When I was in High School, I took a music theory class with Bruce McCormick. He was an inspiration to every single student that had an appreciation of music and one of the hardest working teachers I've ever had the pleasure of knowing. This class spurred me to compose a 111 measure 5-part piece for voice...but with no lyrics. I spent many hours at a macintosh computer using software called Nightingale and entering notes with an attached MIDI keyboard. Upon completion, I assembled a group of vocalists to perform the piece at the annual spring concert my senior year. It was a significant highlight and achievement in my life. There was a poor quality video recording of the event but I do not posses a copy and I never made a synth recording or even saved an electronic record of the piece (not that I would be able to find a computer that could access it today since I believe Nightingale is no longer in use anywhere). For a decade now I have retained a single hard copy of the music and I am frankly amazed that it has survived the 5 times I have moved in 10 years. Regardless, I've always wanted to reproduce the electronic copy so that I could at last hear the piece again. Finally with my UbStu Linux distro I have that opportunity!

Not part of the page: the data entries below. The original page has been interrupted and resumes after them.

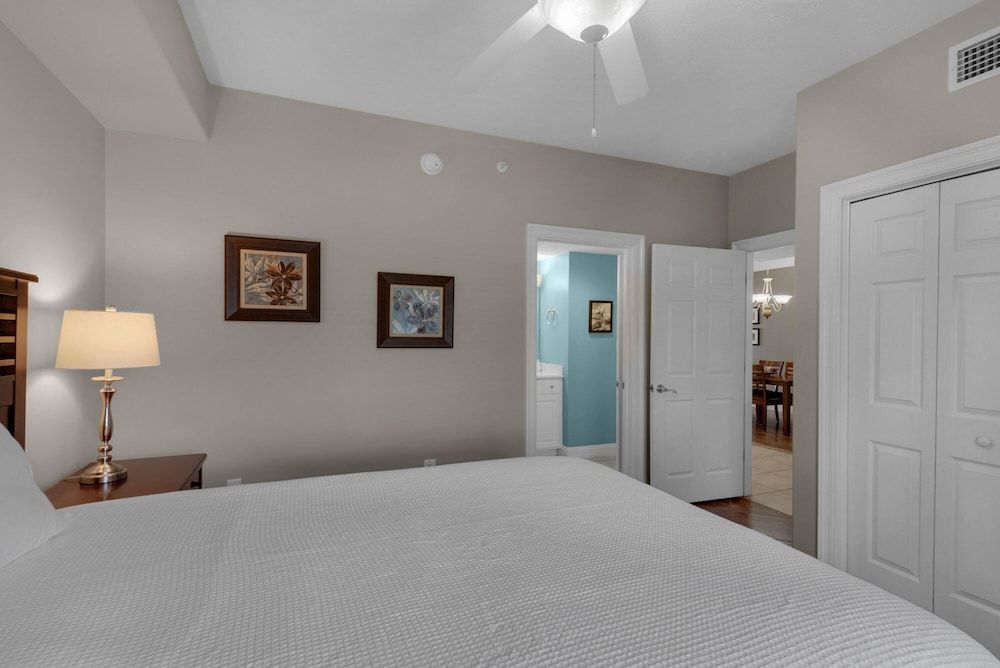 Condo, Multiple Beds, Pool Access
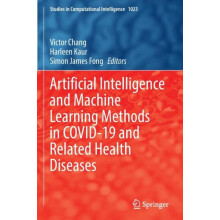 Artificial Intelligence and Machine Learning Methods in COVID19 and Re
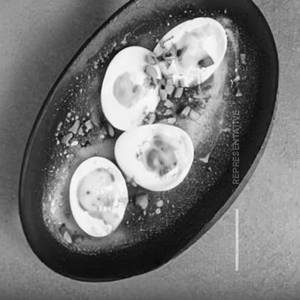 Chilly Egg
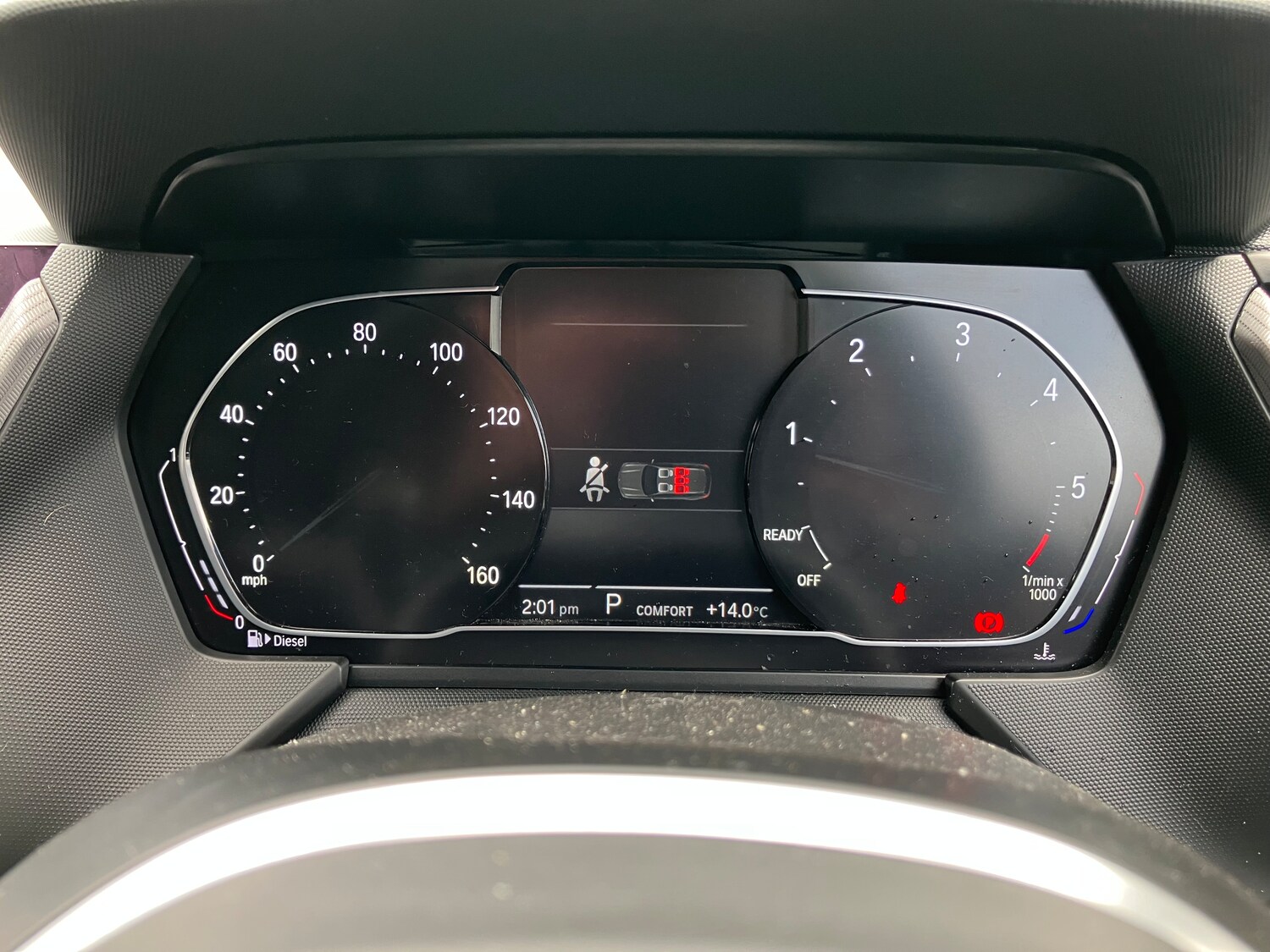 Used BMW 1 Series 2020 for sale - 75713878: Photo 23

Of all the various sequencers and recorders and notation editors I have come across so far, I'm most impressed with the completeness of Rosegarden. This software is incredible especially considering it is free! I have vowed to contribute to the authors as soon as I make some significant advancement in utilizing it to its greater potential...and as soon as I graduate and get a job.
Rosegarden runs on top of the Jack Audio Connection Kit (JACK) which is still a bit mysterious to me. The learning curve on Rosegarden has also been somewhat steep and I've spent close to 3 hours just in combing though the manual and Michael McIntyre's very useful on-line tutorial. I'm nearly half way through inputting my 'masterpiece' (I've yet to give it an appropriate name but had originally named it "Fortune Cookie") using the notation editor and so far I've figured out how to assign each track a synth sound from pre-existing libraries so I need only my computer's sound-card (Sound Blaster Audigy).
At this point I've spent a couple-few hours trying to figure out how to record my piece without success. I would like to be able to just use my computer's sound-card without any additional external components/keyboards/etc. It seems from the tutorial that this should be possible but it is not carefully described here so I will need to start search for information elsewhere very soon.